* **THE TASK**
Starting with the first line of the material, reproduce exactly each line up to and including the one that contains "appreciateeverything-deactivate:19/06/21Worcestershire, UK", leaving out every picture.
:: SUPPLIED MATERIAL
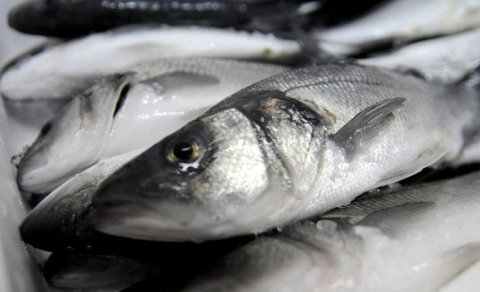 Niyə hələ də rus balığı Avropa bazarına çatır? - "Euractiv"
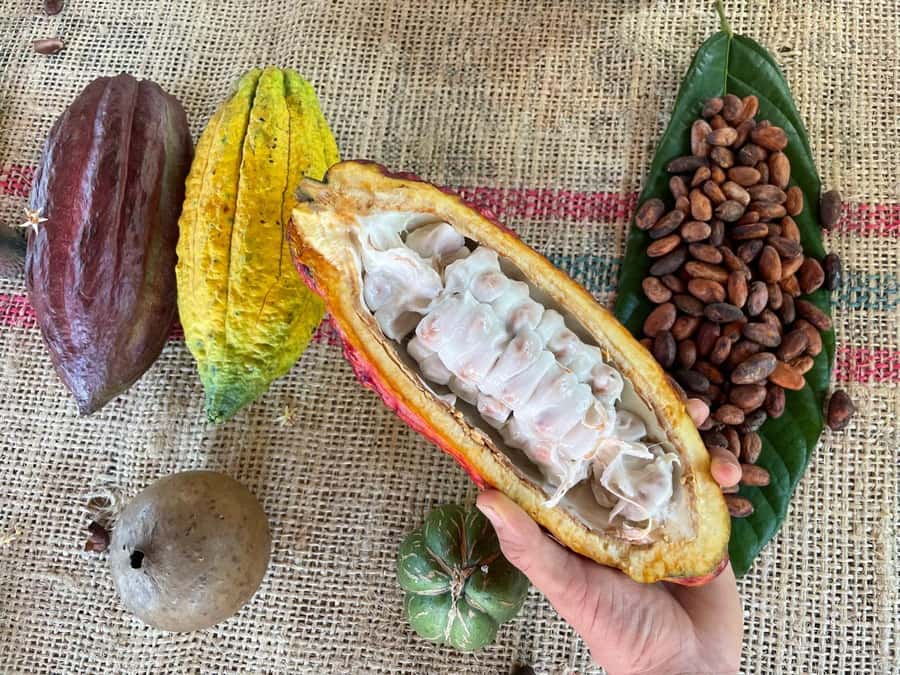 Medellín: Chocolate Tour & Exfoliation in beautiful river - Key highlights at a glance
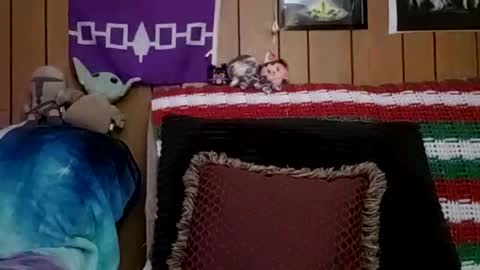 Snapshot of prettysolidd7 chatting on 4, 1, 2025 prettysolidd7 online show from 4, 1, 2025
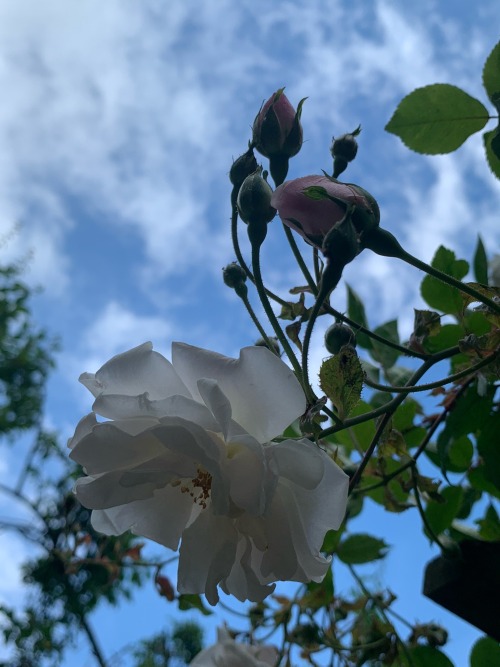 appreciateeverything-deactivate:19/06/21Worcestershire, UK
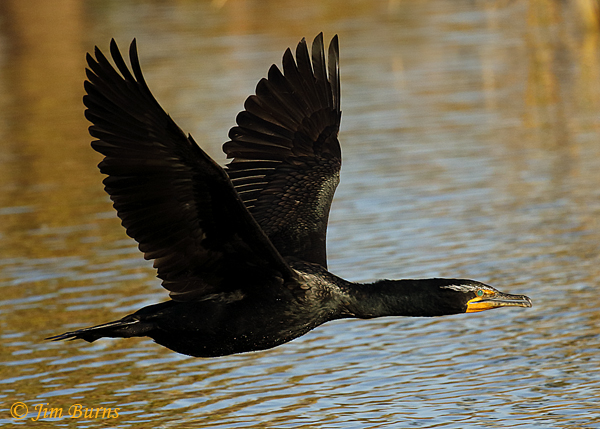 Double-crested Cormorant breeding plumage in flight--8439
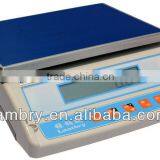 BW-II LCD Weighing Scale 30kg
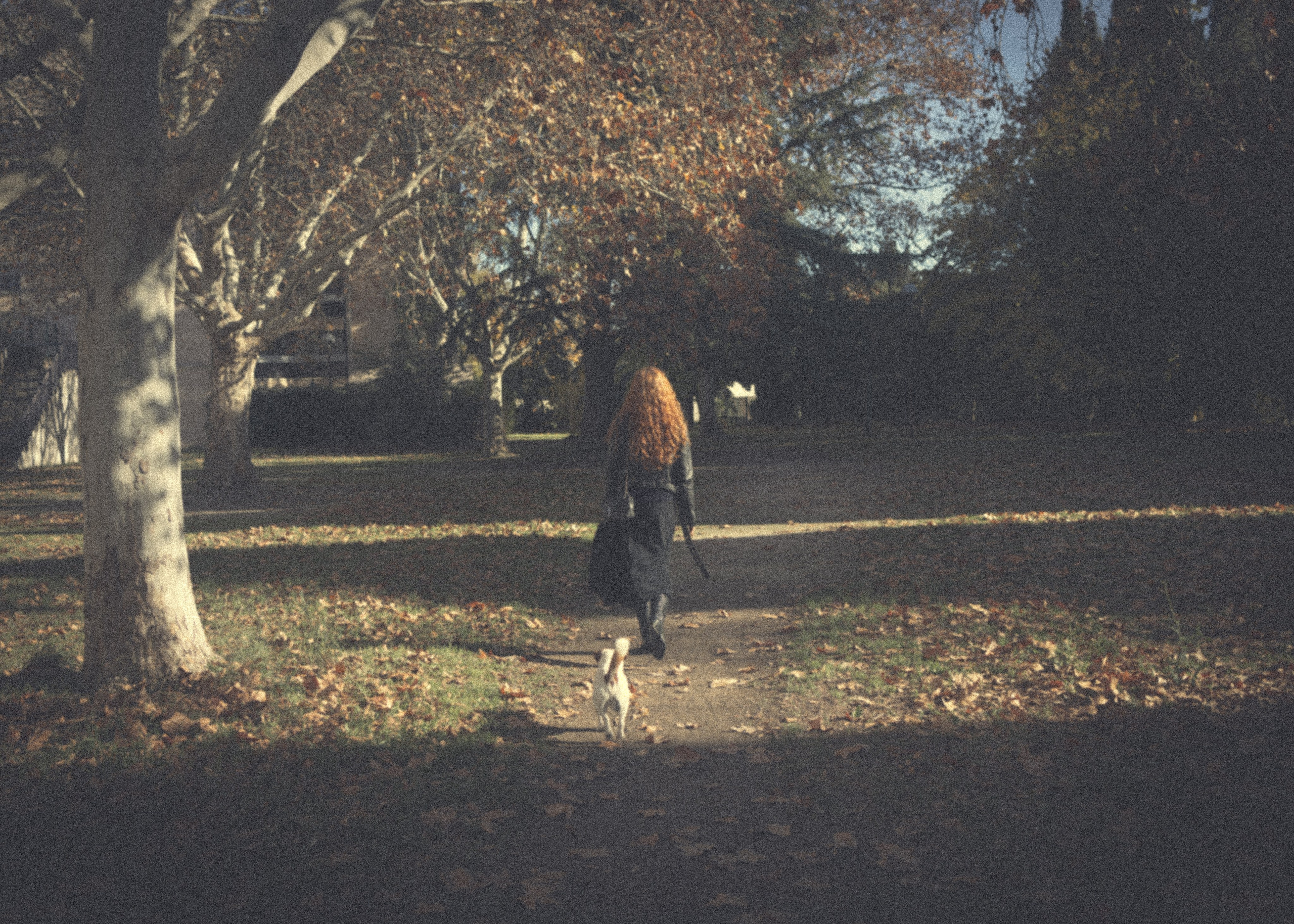 Histoires d’amour, séances photos de famille et de mariage en France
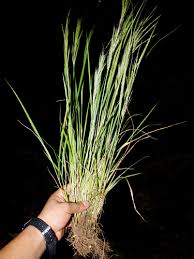 Image result for Acroceras zizanioides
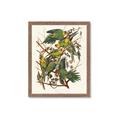 Picture of Vintage Carolina Parrot _GroupedProduct_Rectangle_Portrait_Framed_Matted_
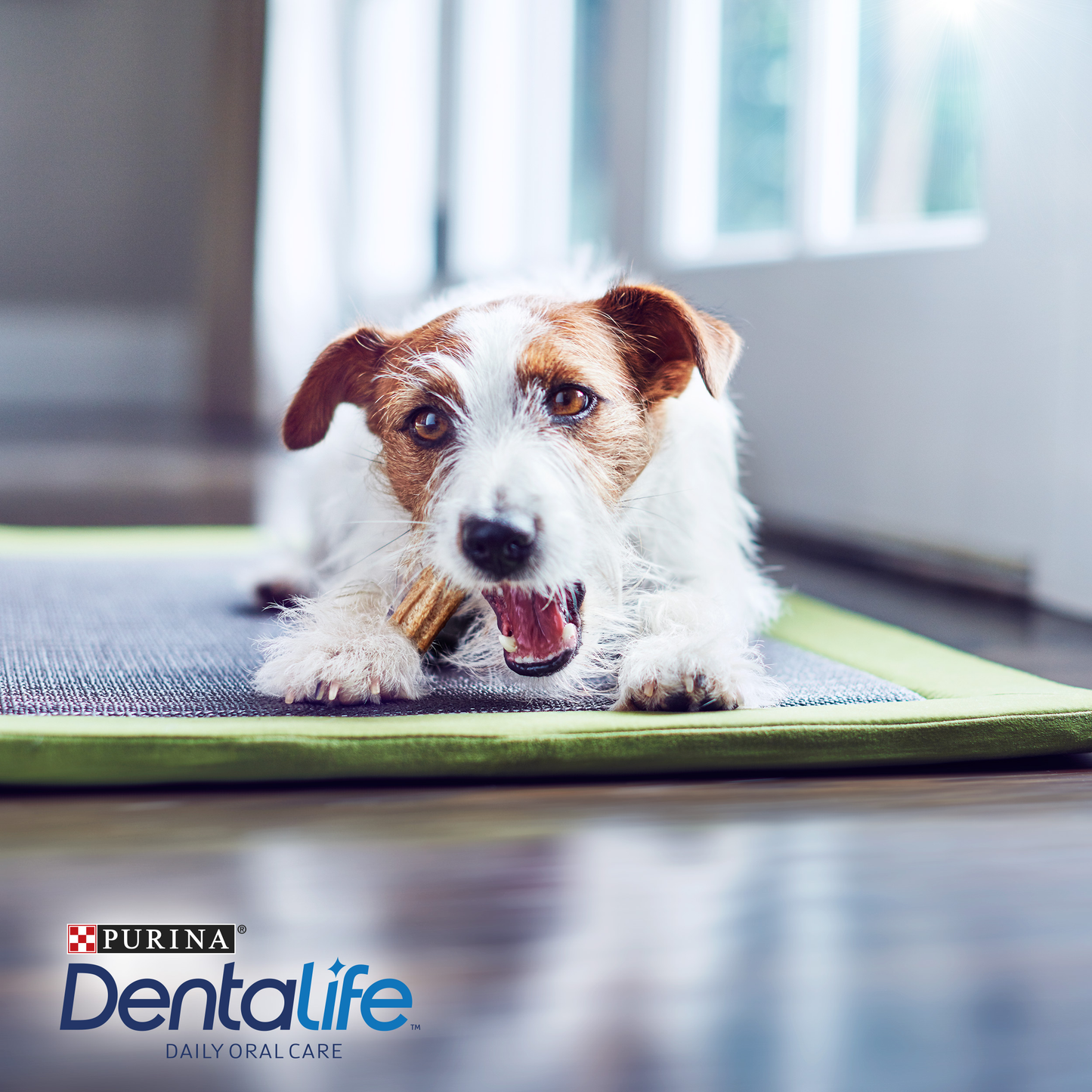 Snack para perro Dentalife adultos de razas pequeñas en bolsa de 42gr
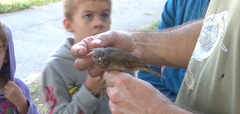 Luscinia luscinia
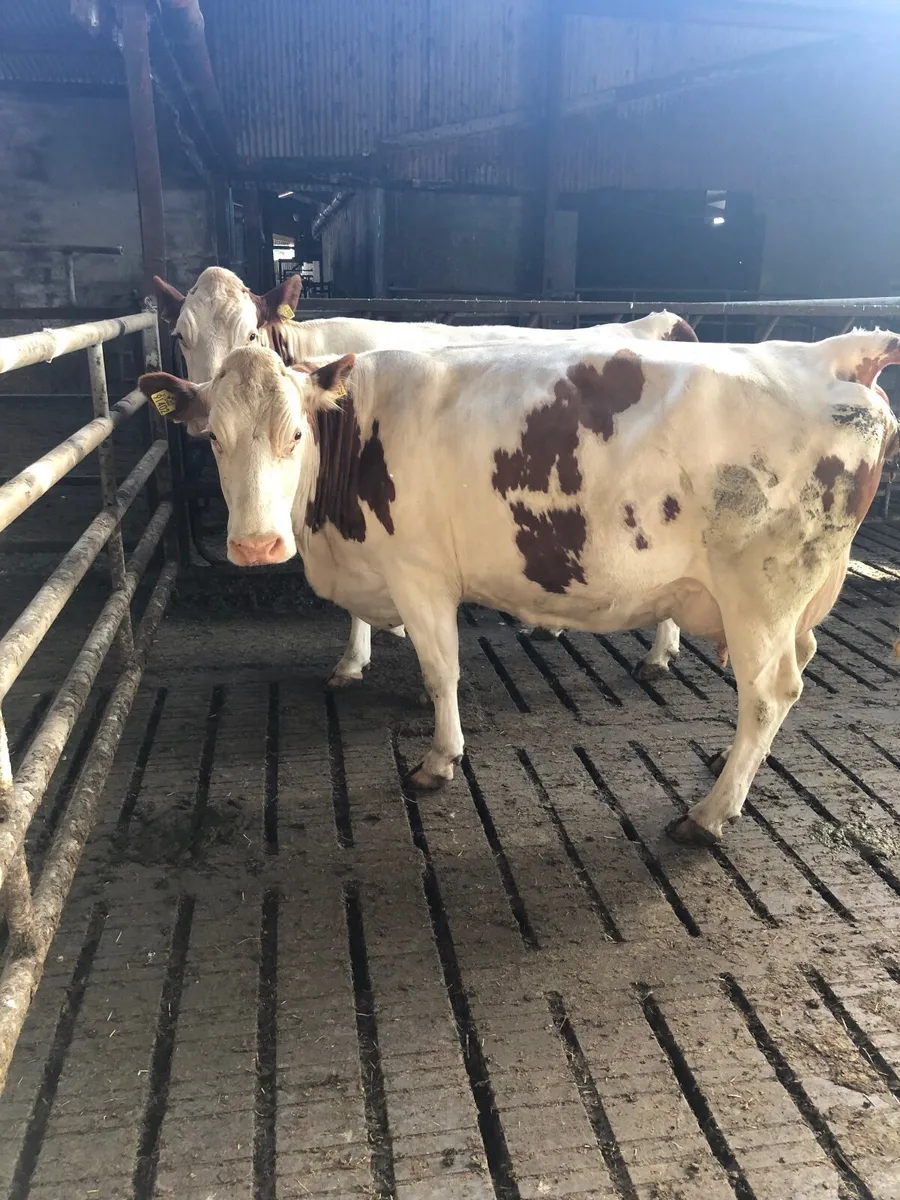 Cattle - Image 1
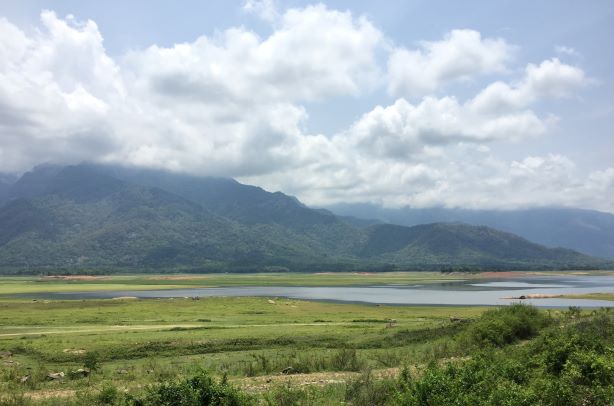 palakkad kava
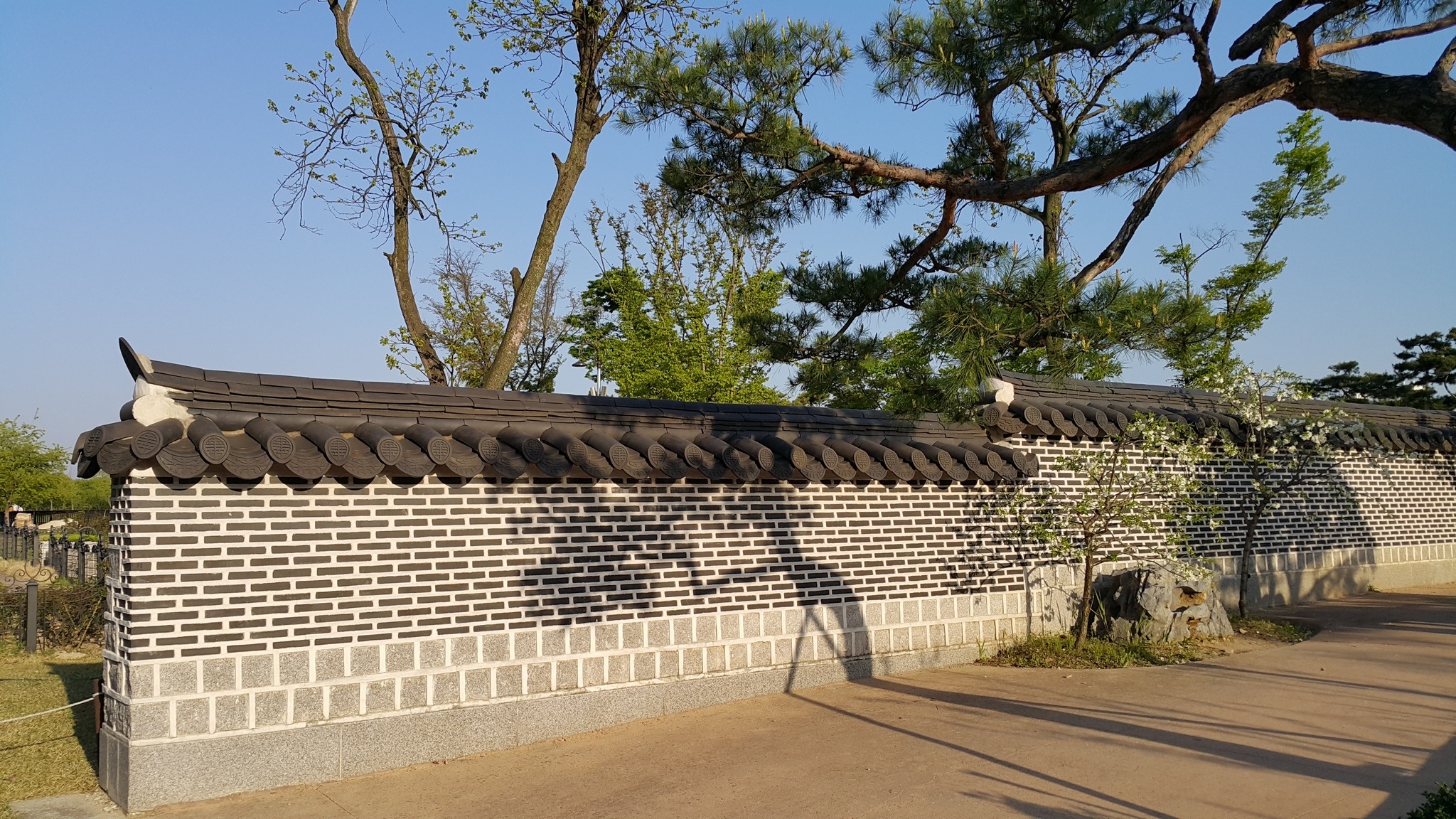 traditional, domestic, no people, sky, roof tile, 1080P, plant, architecture, old school, mammal, pine, nature, forbidden city, animal, sunlight, pets, HD Wallpaper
::::
* **EXERCISE SOLUTION**
 Niyə hələ də rus balığı Avropa bazarına çatır? - "Euractiv"
 Medellín: Chocolate Tour & Exfoliation in beautiful river - Key highlights at a glance
 Snapshot of prettysolidd7 chatting on 4, 1, 2025 prettysolidd7 online show from 4, 1, 2025
 appreciateeverything-deactivate:19/06/21Worcestershire, UK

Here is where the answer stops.